Severek okuduğum bir köşe yazarı annelerin üzerine çok gidildiğinden bahsetmiş.21.yy annesinin çok yalnız olduğundan, sürekli uzmanlar tarafından şunu şöyle yap, bunu böyle yap diye direktif aldığından ve bu durumda kendini çok yetersiz hissettiğinden bahsetmiş. Sonuna da eklemiş biz insanız mükemmel olamayız diye. Birçok anne de yorumlarıyla yazarı desteklemişler.
“Anneleri rahat bırakın artık” diyen bile olmuş. Ben de anneleri rahat bırakmayan bildiğim kadarını paylaşmaya çalışan biri olarak bu konuyu değerlendirmek istedim. Evet sosyal medyada çok fazla uzman, bilir kişi, deneyim aktarıcısı vs, sürekli çocuk yetiştirme hakkında, doğru ebeveynlik hakkında konuşuyor. Konuşulanları dinlemek sürekli mükemmellik ölçütlerine maruz kalmak da annelere kendini yetersiz hissettirebiliyor. Aslında kendini yetersiz hissetmek, kendini yeterli hissetmekten daha kötü bir duygu değil. Biz insanız, faniyiz, bildiklerimiz bilmediklerimizin yanında küçük bir kum tanesi kadar. Şu dünyadaki görevimizde öğrenmektir zaten. Amacımız mükemmel olmak değil, olamayız da, amacımız daha iyi olabilmenin çabasını gösterebilmek.
Daha sabırlı olalım;
Çocuğumuz elindeki yemeği döke saça yemeye çalışırken ortalığı kirlettiğinde, bir konuyu yaşıtları kadar hızlı öğrenemediğinde, aynı soruyu defalarca sorduğunda, bir hatasını düzeltebilmek için zamana ihtiyaç duyduğunda, “sabredemezsem öğrenemez, gelişemez” düşüncesiyle daha sabırlı olalım.
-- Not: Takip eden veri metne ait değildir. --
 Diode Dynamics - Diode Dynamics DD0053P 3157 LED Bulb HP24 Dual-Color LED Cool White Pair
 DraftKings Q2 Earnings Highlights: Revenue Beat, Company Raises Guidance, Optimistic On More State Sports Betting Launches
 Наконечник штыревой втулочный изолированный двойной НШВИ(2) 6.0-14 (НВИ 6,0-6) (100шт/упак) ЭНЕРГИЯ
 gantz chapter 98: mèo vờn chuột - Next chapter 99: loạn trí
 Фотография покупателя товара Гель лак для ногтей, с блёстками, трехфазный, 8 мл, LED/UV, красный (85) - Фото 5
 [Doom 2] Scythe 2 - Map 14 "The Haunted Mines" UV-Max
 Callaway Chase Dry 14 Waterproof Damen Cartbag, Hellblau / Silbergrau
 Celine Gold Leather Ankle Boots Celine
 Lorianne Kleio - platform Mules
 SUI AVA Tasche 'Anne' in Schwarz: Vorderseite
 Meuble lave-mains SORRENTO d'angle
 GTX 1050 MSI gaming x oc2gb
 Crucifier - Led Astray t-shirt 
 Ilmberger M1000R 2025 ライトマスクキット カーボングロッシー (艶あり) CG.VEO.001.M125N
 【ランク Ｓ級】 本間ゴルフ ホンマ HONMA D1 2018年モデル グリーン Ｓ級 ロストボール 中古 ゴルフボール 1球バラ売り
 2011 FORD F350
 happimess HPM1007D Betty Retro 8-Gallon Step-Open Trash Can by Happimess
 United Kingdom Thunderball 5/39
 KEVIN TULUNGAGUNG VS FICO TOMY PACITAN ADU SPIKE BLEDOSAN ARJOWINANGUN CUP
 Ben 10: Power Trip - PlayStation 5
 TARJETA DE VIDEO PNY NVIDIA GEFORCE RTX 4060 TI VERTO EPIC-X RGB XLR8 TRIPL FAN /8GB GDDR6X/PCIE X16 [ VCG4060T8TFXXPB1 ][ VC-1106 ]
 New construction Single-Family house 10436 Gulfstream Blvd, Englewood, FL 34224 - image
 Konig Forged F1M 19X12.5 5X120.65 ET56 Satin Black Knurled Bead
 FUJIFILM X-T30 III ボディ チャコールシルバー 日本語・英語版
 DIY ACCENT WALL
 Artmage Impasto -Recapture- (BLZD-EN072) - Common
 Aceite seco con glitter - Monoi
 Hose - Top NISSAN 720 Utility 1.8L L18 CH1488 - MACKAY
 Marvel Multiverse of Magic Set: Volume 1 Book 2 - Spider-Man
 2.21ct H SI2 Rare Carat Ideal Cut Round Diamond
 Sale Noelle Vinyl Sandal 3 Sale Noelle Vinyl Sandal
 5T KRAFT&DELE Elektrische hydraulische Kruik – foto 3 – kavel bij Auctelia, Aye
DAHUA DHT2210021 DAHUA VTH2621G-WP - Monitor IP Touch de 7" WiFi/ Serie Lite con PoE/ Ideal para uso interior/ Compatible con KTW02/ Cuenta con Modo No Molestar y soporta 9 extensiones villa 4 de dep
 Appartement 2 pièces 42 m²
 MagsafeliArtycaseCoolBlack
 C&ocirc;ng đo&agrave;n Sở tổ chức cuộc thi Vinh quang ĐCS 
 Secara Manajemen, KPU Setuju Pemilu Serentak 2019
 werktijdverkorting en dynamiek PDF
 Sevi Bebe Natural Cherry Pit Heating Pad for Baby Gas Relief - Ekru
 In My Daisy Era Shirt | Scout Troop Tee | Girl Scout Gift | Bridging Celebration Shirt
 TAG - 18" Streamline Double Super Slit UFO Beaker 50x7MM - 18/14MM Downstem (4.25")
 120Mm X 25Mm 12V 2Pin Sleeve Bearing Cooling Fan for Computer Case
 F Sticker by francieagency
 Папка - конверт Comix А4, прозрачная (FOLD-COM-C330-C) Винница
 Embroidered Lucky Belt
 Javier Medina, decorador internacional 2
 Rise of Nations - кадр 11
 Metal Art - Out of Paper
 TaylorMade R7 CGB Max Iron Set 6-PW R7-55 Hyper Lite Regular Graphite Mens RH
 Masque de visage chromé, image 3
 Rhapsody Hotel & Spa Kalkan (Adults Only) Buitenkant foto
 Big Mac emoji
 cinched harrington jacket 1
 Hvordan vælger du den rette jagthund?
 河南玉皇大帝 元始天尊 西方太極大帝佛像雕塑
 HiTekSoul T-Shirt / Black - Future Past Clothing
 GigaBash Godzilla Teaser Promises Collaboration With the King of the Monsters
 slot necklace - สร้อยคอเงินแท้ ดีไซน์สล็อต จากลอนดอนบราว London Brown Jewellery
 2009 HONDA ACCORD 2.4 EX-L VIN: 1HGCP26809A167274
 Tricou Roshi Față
Ancak bazen de sabırlı olmayalım; saygısızlıklarını görmezden gelmeyelim, üstünü örtmeyelim.
Fedakar olalım;
Bebeğimizi emzirdiğimizde, geceleri uykusuz kaldığımızda, taze yemek yapabilmek için dinlenme süremizden verdiğimizde,
Ancak bazen de fedakar olmayalım. Hep kendimizi ikinci plana atmayalım. Kendimizi huzurlu hissetmediğimizde etrafımıza da huzur sunamayacağımızı bilelim.
Onlara kızmayalım;
Çocuğumuzun yaptığı her hatada disiplin sağlamak adına.
Ancak bazen de kızalım, çocuğumuza her hatasını hoş karşılamayacağımızı net olarak ifade edebilelim.
Çocuğumuzu olduğu gibi kabul edelim, onu tanımaya çalışalım;
Kendi hayallerimizi çocuktan beklemeye kalkmadan, kabiliyeti olmadığı işlerde başkalarıyla kıyaslamadan, çocuğumuzu tanımalı ona göre yönlendirmeliyiz.
Ancak bazen de çocuğumuzun kötü huylarını olduğu gibi kabul etmemeliyiz. Yaratıcının insanoğlunu kendini değiştirebilecek iradede yarattığını böyle olmasa sorumlu kılmayacağının farkında olarak.
Çocuğumuzu mutlu etmeye çalışalım;
Çocuğumuzun istek, ihtiyaç ve duygularını önemsemeli, onu doğru mutluluğu bulabilmesi konusunda yönlendirmeli, iradesini güçlü kılabilmeyi öğretmeliyiz.
Ancak her zaman da mutlu etmeye çalışmamalıyız. O mutlu olsun diye makul olmayan isteklerini yapmamalıyız. Böyle yaparsak çocuğumuzun haz odaklı yetişeceğini ve hazzın doymayan nefis olduğunu bilmeliyiz.
Onları koruyalım;
Çocuğumuza destek olmalı, ona yalnız olmadığını hissettirmeliyiz.
Ancak fazla koruyuculuğun çocuğu özgüvensiz ve bağımlı yapacağını bilmeli dengeyi kurabilmeliyiz.
Kendimizi iyileştirelim;
İyi insan olmaya, güzel Müslüman olmaya çalışmalıyız. Kendimizi iyileştirmediğimiz sürece iyi insan yetiştiremeyeceğimizin farkında olarak.